SK3800 Laser Spectroscopy 8.0 credits
Education cycleThird cycle
Main field of study
At present this course is not scheduled to be offered.
Intended learning outcomes
The course aims to give basic knowledge about the construction and function of the laser, and about its use in optics, molecular physics, biophysics, physical chemistry, and chemical physics. The students will gain skills in handling modern lasers, spectrometers and detectors.
After the course the student will be able to:
- solve technical problems concerning frequency conditions and mode structure of a laser
- explain how a confocal resonator is designed and how it works, and suitable measuring methods and instrumentation to be able to perform measurements on a laser resonator
- explain level diagrams of the laser medium
- perform measurements with advanced spectrometers within the field of laser induced fluorescence, laser Raman spectroscopy, and to analyze fluorescence spectra
- to be able to use search engines on scientific information and on scientific literature in a systematic way
- be able to explain front areas as femtosecond spectroscopy, LIBS and ionisation spectroscopy
Course main content
The topics of the course are: Structure and dynamics of molecules. Construction and function of the laser. Interaction between light and matter. Laser types: dye lasers, continuous lasers, pulsed lasers, ultra fast lasers, semiconductor lasers. Laser applications in molecular physics and chemical physics: molecules (free radicals and ions), femtosecond chemistry and spectroscopy on transition states, selective breaking of chemical bounds and IVR (intramolecular vibrational redistribution), the use of the laser for diagnostic purposes.

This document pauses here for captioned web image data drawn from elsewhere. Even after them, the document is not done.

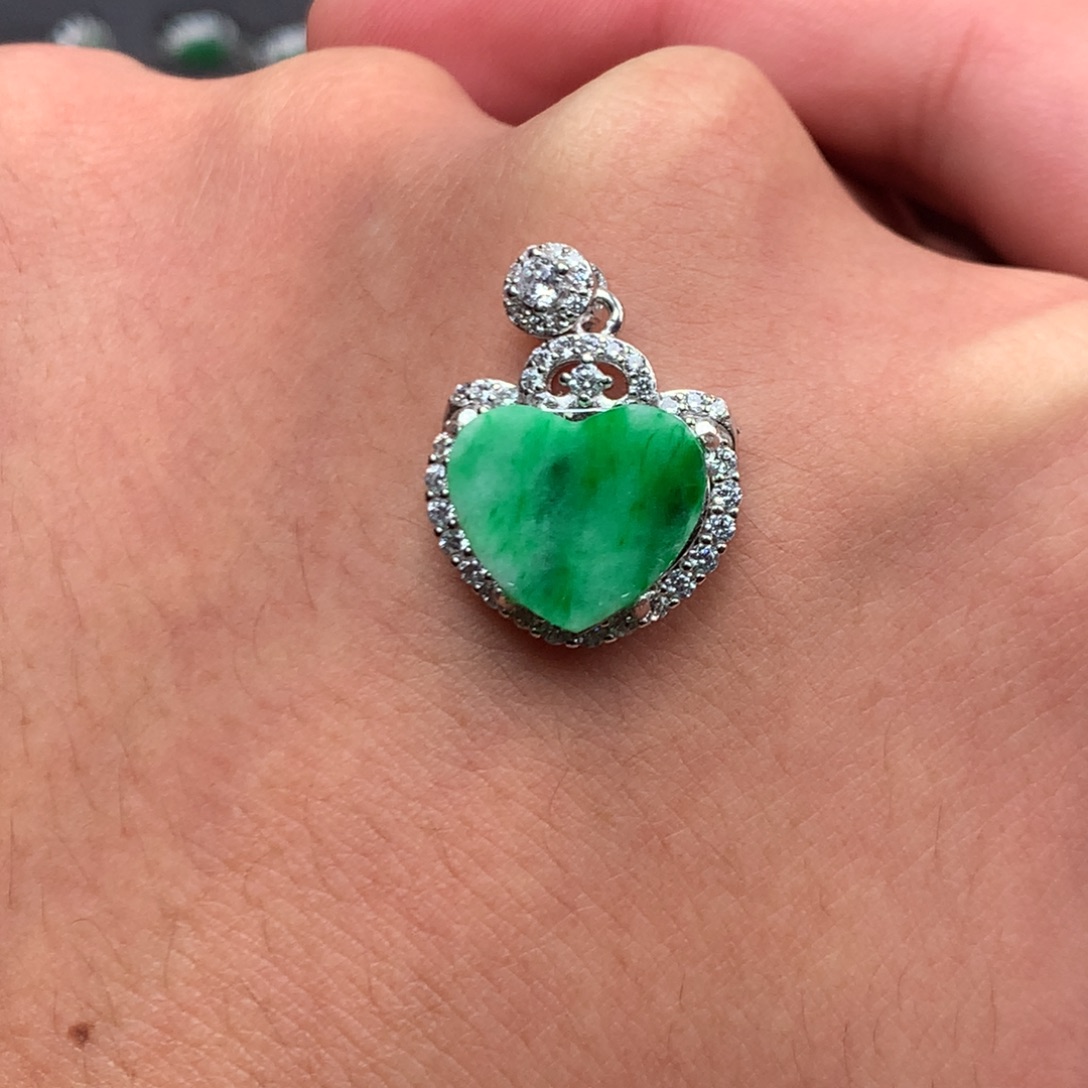 翡翠未镶嵌颈饰你是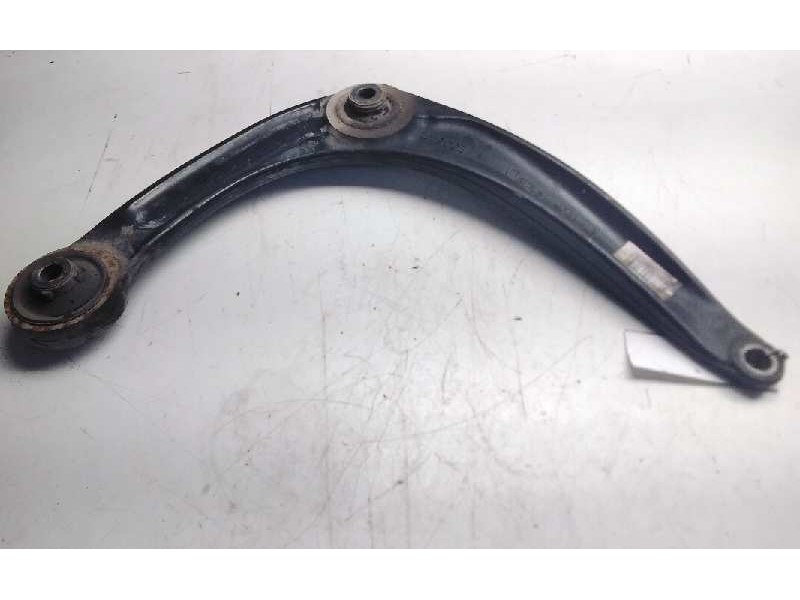 Recambio de brazo suspension inferior delantero derecho para peugeot 308 sw premium referencia OEM IAM 7ATGM1  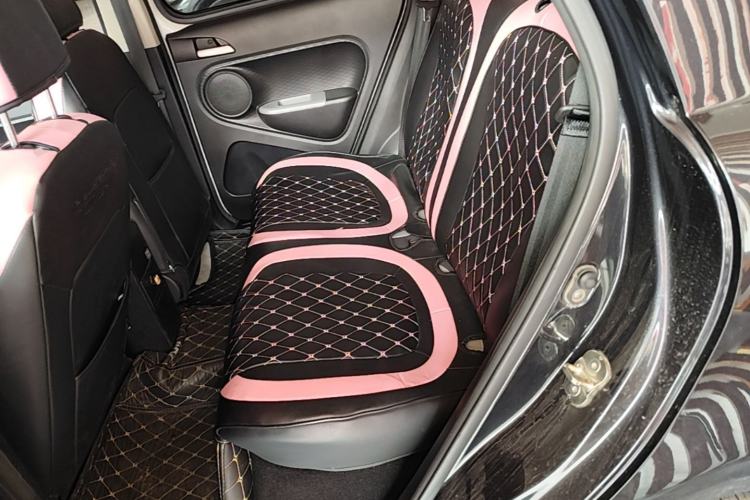 Used ORA Black Cat 2021 301 km Basic Version Left Rear Seat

Quantum Physics for F3, or Molecular Structure for K2 and BIO2, or Quantum Chemistry and Spectroscopy for K4.
Language of instruction: English
Laser Chemistry: Spectroscopy, Dynamics & Applications
Helmut H. Telle, Angel González Ureña, Robert J. Donovan, University of Edinburgh, Scotland
ISBN: 978-0-471-48571-1 2007
- LAB1 - Laboratory Work, 2.0 credits, grade scale: P, F
- TEN1 - Examination, 6.0 credits, grade scale: P/F
Requirements for final grade
One written exam (TEN1; 6 university credits). To get the final mark the laboratory experiments have to be completed and approved (LAB1; 2 university credits).
Fredrik Laurell (email@example.com)
Fredrik Laurell <firstname.lastname@example.org>
Course syllabus valid from: Spring 2010.